The 55-year-old general, who before his promotion had been charged with leading Russia’s Southern Military District and Russian troops in Syria, has long been an infamous figure with a reputation for being ruthless.

He was linked to the violent suppression of the anti-Soviet 1990 Dushanbe riots in Tajikistan, and was reportedly imprisoned (before being freed without charge) after soldiers under his command killed three protesters in Moscow during the failed coup against then Soviet President Mikhail Gorbachev in August 1991. In 1995, Surovikin received a suspended sentence (which was later overturned) for participating in the illegal arms trade. Surovikin also played a role in Russia’s second Chechen war, commanding the 42nd Guards Motorized Rifle Division.

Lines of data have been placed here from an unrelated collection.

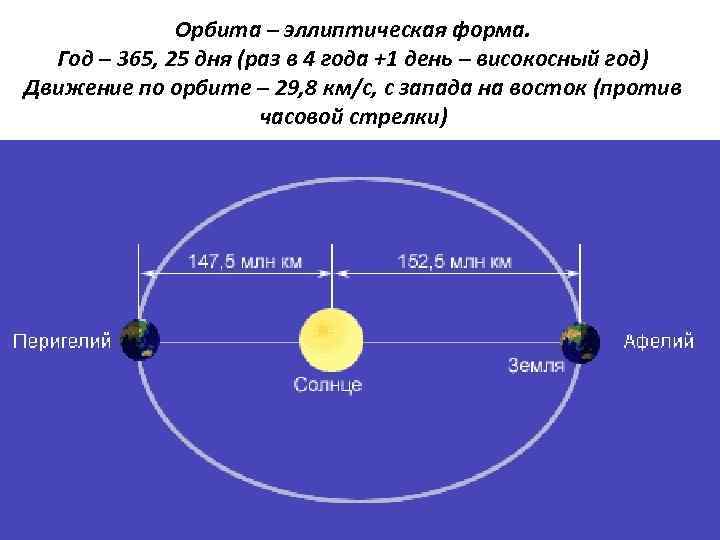 Орбита – эллиптическая форма. Год – 365, 25 дня (раз в 4 года +1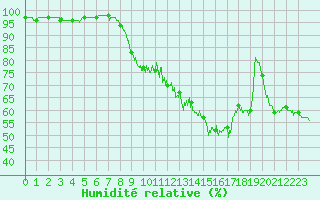 Courbe de l'humidit relative pour Lunegarde (46)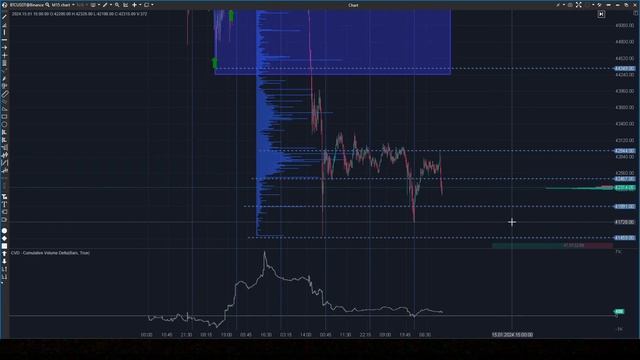 Аналитика биткоина. Как работает маркетмейкинг Binance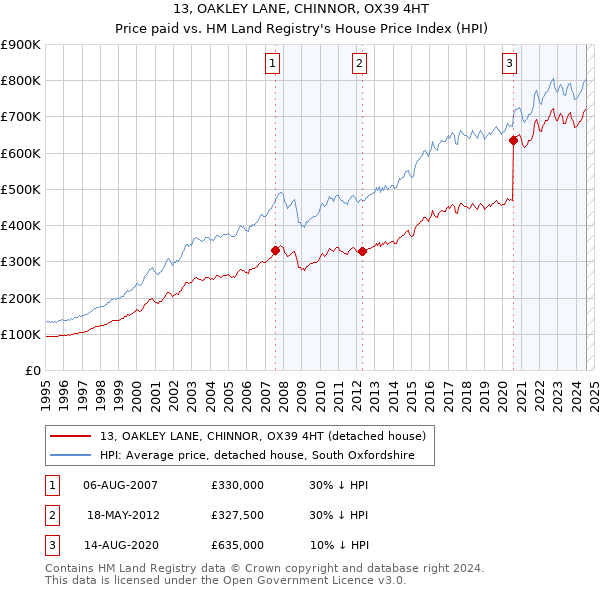 13, OAKLEY LANE, CHINNOR, OX39 4HT: Price paid vs HM Land Registry's House Price Index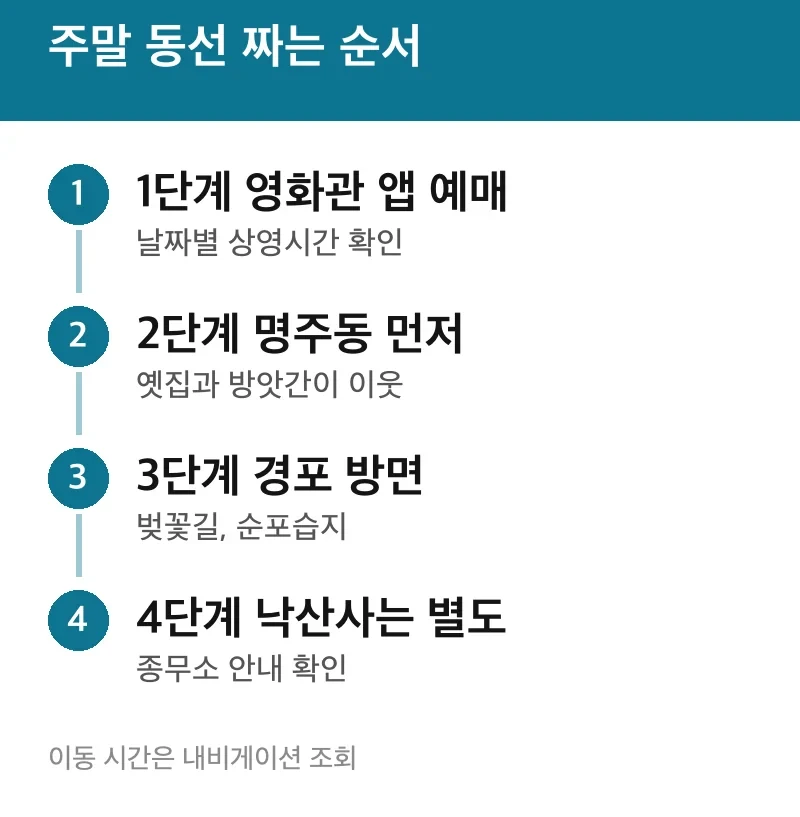 주말 동선 짜는 순서
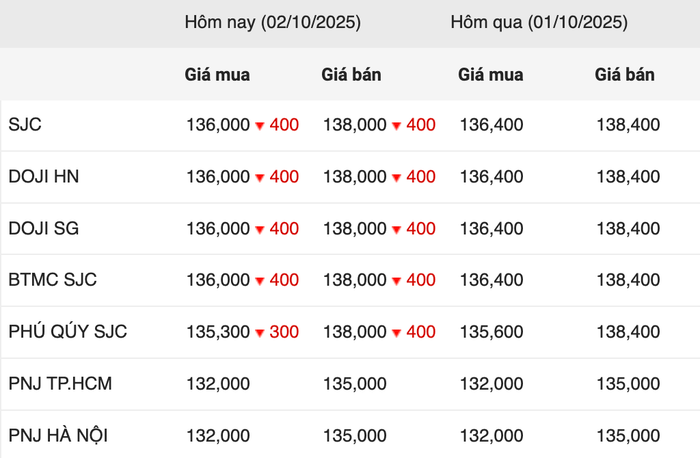Giá vàng miếng trong phiên giao dịch sáng ngày 2/10 anh-chup-man-hinh-2025-10-02-luc-100821.png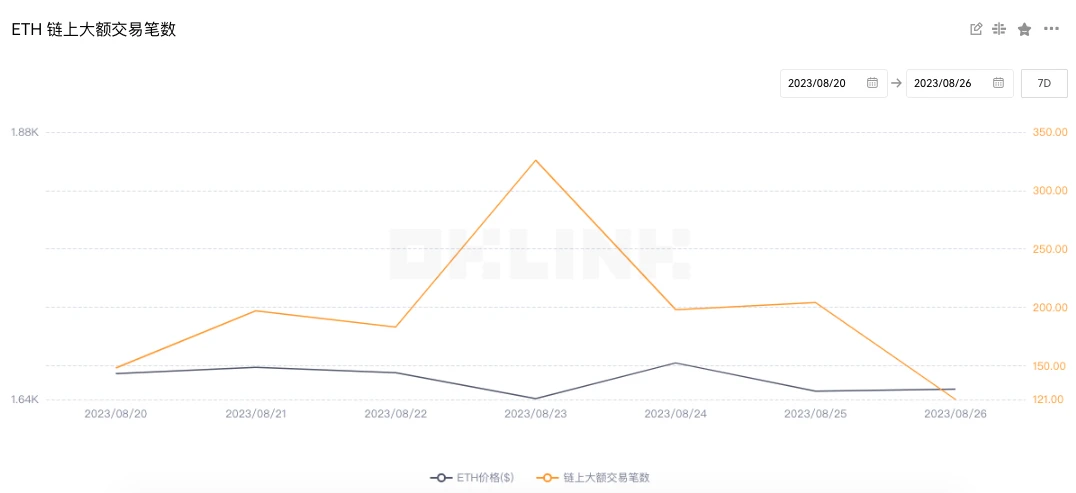 ETH 周报 | ARK Invest和21Shares联合提交两份以太坊期货ETF申请；Holesky公共测试网将于9月15日正式推出（8.21-8.27）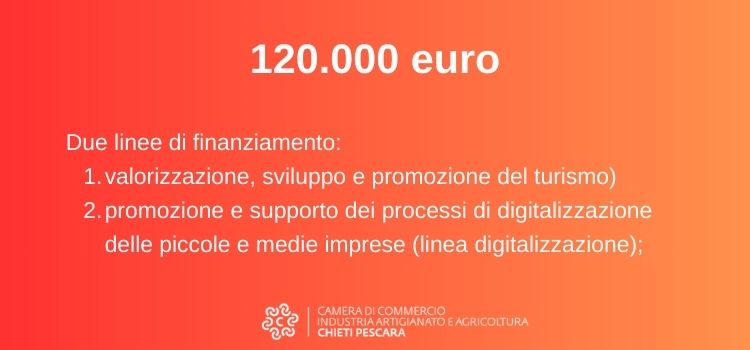 Bando 2024 Associazioni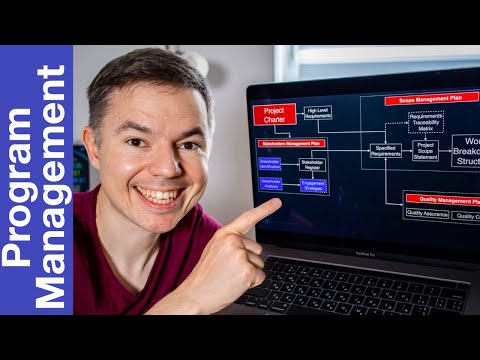 Program Management Tutorial: 10 Years of Experience in 45 Minutes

But Surovikin is best known — and most feared — for his command of Russian forces in Syria, where Moscow intervened to prop up Bashar al-Assad’s regime. Human Rights Watch, a non-governmental organization, listed Surovikin as one of the commanders “who may bear command responsibility” for human rights violations during the 2019-2020 offensive in Syria’s Idlib province, when Syrian and Russian forces launched dozens of air and ground attacks on civilian targets and infrastructure, striking homes, schools, health care facilities and markets.

It was not the first time Russian forces were accused of war crimes in Syria. The Kremlin’s troops, working with Syrians, undertook a month-long bombing campaign of opposition-controlled territory in Aleppo in 2016, killing hundreds of civilians, including 90 children, with indiscriminate airstrikes, cluster munitions and incendiary weapons hitting civilian targets including medical facilities.

Now, with Russian forces on the back foot in Ukraine and Putin’s full-throated rhetoric out of step with the situation on the ground in his war, Surovikin appears to be turning to his old tactic of inflicting massive damage on civilians in an attempt to turn the tide of the war.